Motion Metrics has developed a video tooth monitoring system that detects missing teeth or those with excessive wear. Before issuing an alert, one of the more challenging steps is identifying key information, according to the company. Identifying and notifying the responders is relatively straightforward, especially if the mine has a wireless network. The system sends the information to the server and the dispatcher is alerted. The shovel operator also has a warning signal in the cab. If the mine does not have a wireless network, then the operator has to manually alert the dispatcher and drivers by radio.
Diverting the trucks is a difficult decision. If the mine has no network, they must rely on the operator's judgment based on a visual inspection. With an automated wireless system, an additional responder can review time-stamped video adding another layer of protection that prevents further downstream damage or better identifies occasional false alarms.
The logic behind collision avoidance systems for shovels and excavators follows a similar path with a much shorter timeframe for discovery and reaction. Motion Metrics uses a radar system for loading tools and explained that it's more worried about the rear of the machines. Because the operator is focused on engaging the face and loading the trucks, collision avoidance should not be a problem for the front of the machine. The danger zones on the shovel are on the left and right sides. When it rotates, the counterweight swings into these areas, colliding with whatever is in its path. The shovel's collision avoidance system collects key information, such as objects in its swing radius, and notifies responders. The operator will be alerted in the cab. On the outside of the shovel, vehicles are informed as they approach with warning lights.

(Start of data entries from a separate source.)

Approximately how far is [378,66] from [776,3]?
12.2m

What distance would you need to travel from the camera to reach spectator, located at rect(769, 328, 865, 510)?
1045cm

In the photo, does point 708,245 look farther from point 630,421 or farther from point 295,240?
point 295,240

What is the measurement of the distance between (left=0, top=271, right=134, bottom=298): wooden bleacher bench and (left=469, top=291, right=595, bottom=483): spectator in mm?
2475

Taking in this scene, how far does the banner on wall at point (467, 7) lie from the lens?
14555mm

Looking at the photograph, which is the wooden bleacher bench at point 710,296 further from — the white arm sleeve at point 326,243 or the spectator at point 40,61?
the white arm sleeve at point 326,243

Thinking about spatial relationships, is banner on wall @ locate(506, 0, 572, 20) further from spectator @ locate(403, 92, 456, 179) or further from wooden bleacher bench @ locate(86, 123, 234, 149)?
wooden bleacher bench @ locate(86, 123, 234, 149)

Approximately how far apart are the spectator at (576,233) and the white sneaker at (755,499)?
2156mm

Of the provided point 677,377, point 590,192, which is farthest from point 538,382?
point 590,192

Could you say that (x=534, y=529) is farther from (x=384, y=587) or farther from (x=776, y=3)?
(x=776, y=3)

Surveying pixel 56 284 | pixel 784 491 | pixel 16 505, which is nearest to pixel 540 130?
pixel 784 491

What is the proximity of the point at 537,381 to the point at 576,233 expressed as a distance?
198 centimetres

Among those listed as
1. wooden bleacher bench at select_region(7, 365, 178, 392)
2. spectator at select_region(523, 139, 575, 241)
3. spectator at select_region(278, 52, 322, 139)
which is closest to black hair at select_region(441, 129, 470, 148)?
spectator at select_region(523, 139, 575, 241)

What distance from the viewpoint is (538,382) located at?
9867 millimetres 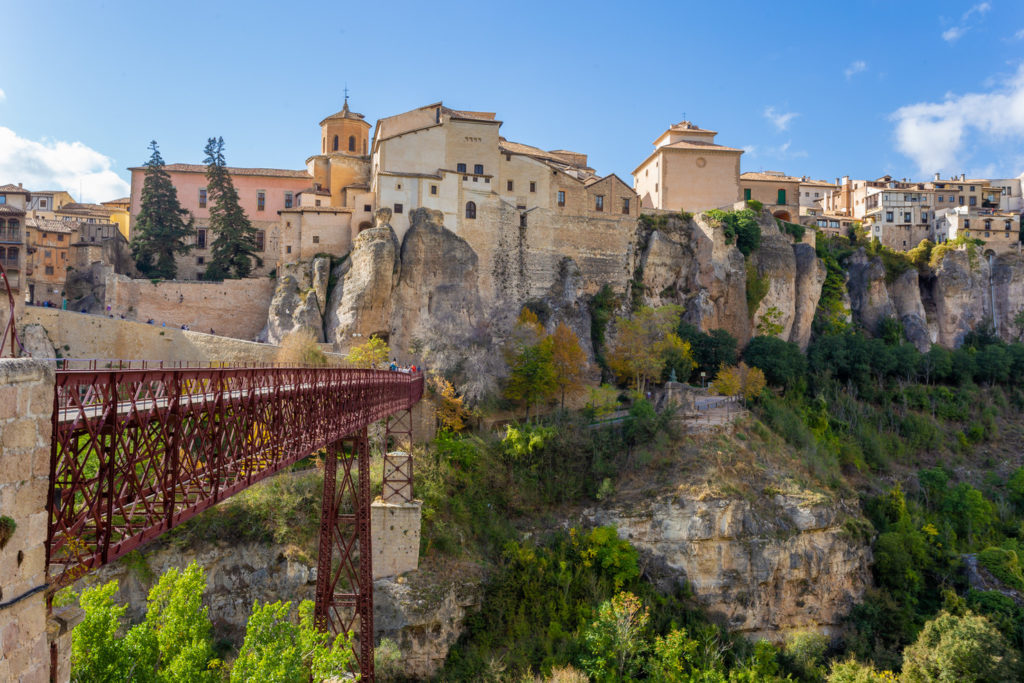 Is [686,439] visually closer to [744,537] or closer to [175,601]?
[744,537]

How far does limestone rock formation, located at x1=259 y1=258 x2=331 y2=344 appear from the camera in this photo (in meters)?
41.4

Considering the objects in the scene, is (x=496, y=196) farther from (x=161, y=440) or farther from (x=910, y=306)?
(x=161, y=440)

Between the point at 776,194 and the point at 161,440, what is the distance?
186ft

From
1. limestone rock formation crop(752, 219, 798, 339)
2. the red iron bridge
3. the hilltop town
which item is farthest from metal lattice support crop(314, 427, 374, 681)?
limestone rock formation crop(752, 219, 798, 339)

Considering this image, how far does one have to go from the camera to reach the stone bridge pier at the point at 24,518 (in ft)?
20.7

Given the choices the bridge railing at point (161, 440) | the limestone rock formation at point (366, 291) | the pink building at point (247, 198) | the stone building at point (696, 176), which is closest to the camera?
the bridge railing at point (161, 440)

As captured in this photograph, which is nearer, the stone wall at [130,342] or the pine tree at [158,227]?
the stone wall at [130,342]

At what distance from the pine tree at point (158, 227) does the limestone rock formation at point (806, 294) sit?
42.0 meters

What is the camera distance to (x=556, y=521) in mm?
33156

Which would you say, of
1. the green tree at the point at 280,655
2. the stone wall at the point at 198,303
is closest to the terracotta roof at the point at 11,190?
the stone wall at the point at 198,303

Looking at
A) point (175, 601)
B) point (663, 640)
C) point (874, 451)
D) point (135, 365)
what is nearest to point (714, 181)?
point (874, 451)

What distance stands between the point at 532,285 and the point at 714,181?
18053 mm

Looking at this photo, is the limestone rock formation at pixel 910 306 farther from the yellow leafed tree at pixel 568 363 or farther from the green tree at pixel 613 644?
the green tree at pixel 613 644

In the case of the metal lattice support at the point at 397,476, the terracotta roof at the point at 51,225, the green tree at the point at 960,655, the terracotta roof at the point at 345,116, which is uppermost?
the terracotta roof at the point at 345,116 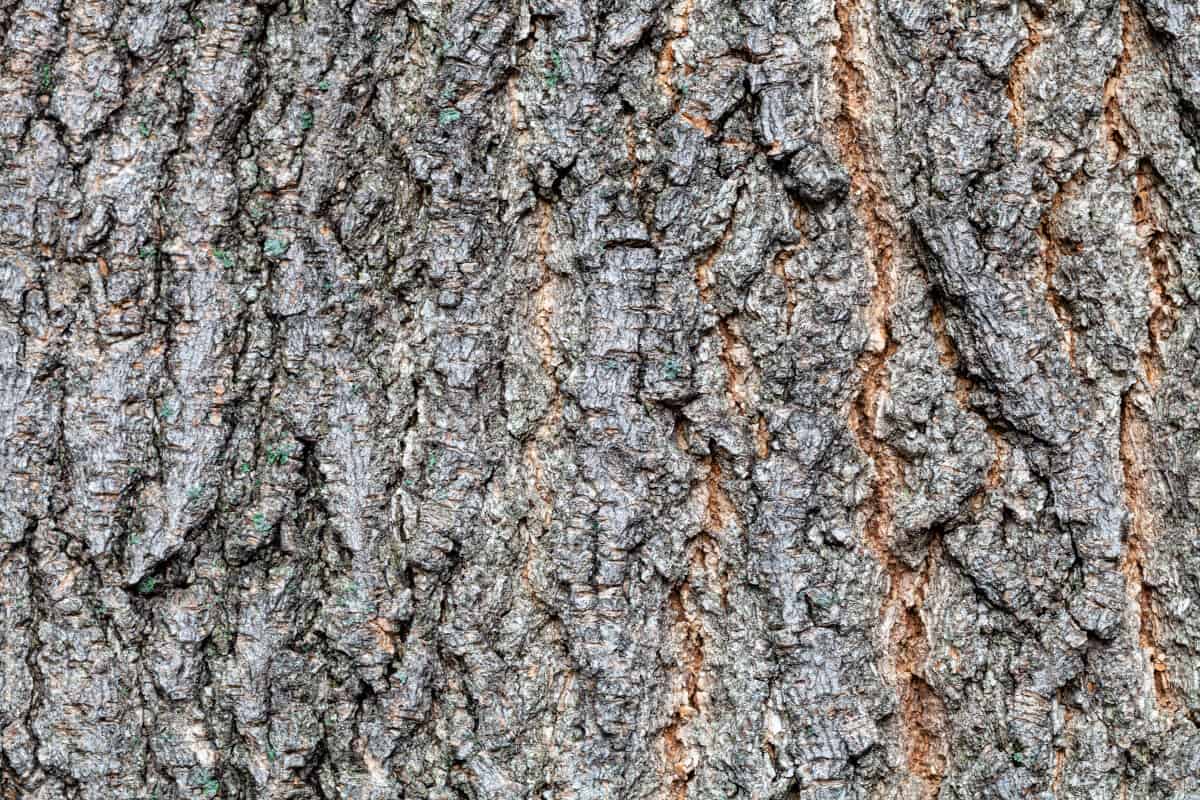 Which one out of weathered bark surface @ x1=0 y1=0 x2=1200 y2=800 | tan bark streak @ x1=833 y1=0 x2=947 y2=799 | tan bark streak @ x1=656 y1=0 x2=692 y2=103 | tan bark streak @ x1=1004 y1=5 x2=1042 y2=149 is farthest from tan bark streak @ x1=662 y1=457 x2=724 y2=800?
tan bark streak @ x1=1004 y1=5 x2=1042 y2=149

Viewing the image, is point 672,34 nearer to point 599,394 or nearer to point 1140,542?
point 599,394

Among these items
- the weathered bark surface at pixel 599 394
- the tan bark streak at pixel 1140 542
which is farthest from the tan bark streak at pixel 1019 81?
the tan bark streak at pixel 1140 542

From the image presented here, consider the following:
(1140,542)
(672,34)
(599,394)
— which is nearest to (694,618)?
(599,394)

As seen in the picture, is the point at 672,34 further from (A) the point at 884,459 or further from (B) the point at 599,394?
(A) the point at 884,459

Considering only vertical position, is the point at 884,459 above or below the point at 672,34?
below

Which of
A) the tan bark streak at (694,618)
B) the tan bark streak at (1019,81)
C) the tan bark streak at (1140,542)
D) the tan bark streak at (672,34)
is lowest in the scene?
the tan bark streak at (694,618)

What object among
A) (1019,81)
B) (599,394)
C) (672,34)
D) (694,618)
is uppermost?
(1019,81)

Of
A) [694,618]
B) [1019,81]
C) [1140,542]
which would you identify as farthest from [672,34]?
[1140,542]

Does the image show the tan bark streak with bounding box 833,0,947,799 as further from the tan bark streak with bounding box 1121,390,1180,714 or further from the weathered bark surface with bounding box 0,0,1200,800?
the tan bark streak with bounding box 1121,390,1180,714

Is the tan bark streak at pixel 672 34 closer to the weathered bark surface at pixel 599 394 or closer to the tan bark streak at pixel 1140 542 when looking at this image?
the weathered bark surface at pixel 599 394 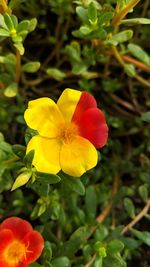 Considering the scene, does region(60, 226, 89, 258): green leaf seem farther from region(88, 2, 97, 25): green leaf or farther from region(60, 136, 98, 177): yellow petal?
region(88, 2, 97, 25): green leaf

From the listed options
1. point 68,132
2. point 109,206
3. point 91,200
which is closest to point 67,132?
point 68,132

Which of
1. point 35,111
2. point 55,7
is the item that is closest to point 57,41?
point 55,7

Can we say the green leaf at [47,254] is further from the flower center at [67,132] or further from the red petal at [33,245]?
the flower center at [67,132]

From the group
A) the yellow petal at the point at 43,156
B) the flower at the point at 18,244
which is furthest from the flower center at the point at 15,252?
the yellow petal at the point at 43,156

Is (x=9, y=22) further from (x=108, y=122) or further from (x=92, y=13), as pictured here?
(x=108, y=122)

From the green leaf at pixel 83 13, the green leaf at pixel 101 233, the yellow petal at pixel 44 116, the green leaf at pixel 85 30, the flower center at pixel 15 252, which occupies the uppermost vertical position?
the green leaf at pixel 83 13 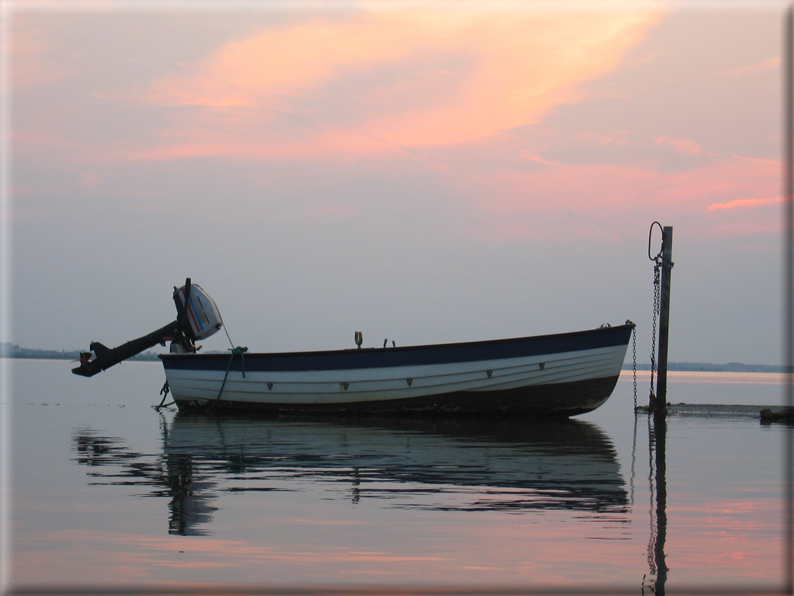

As mentioned previously, muck pile fragmentation directly impacts shovel performance. Automated fragmentation analysis offers feedback for blasting crews. Using detailed fragmentation data from dozens of sample points in the last blast, blasting crews can use that information as a performance benchmark. Motion Metrics uses an excavator-mounted camera to capture an image of the top layer of material in the bucket during the dig cycle. In addition to capturing information periodically as it works the muck pile, no workers need to enter the pit to capture the fragmentation data.
Monitoring systems on shovels use different techniques, such as current draw from the motors and mechanical stress measurements, to determine payloads. Hydraulic excavators use pressure sensing technology related to the bucket position. The data can be used to measure total tons loaded and the rate (tons per hour), which could help the mine establish performance benchmarks.
Today's mines have access to mountains of data, but it's useless unless the right information is collected and distributed to the right people. Once a system has been developed, the mine can begin to embark on a path of continuous improvement based on benchmarks. Operations have the ability to act on this information, whether it is an optimization plan or avoiding downtime through proactive programs.
- Adsero and Lumley, (2014) A Valid Approach to Equipment Productivity and Reliability Benchmarking, SME Annual Meeting (Preprint 14-105).
- Lochner, (2013) Digability: A New Take on an Old Target, Haulage & Loading 2013 Conference & Exhibition (www.haulageandloading.com)
- Baumann, Parnian, Chow, Quon and Tafazoli, (2014) Streamlining Open-Pit Operations with Automated Equipment Monitoring, SME Annual Meeting (Preprint 14-087).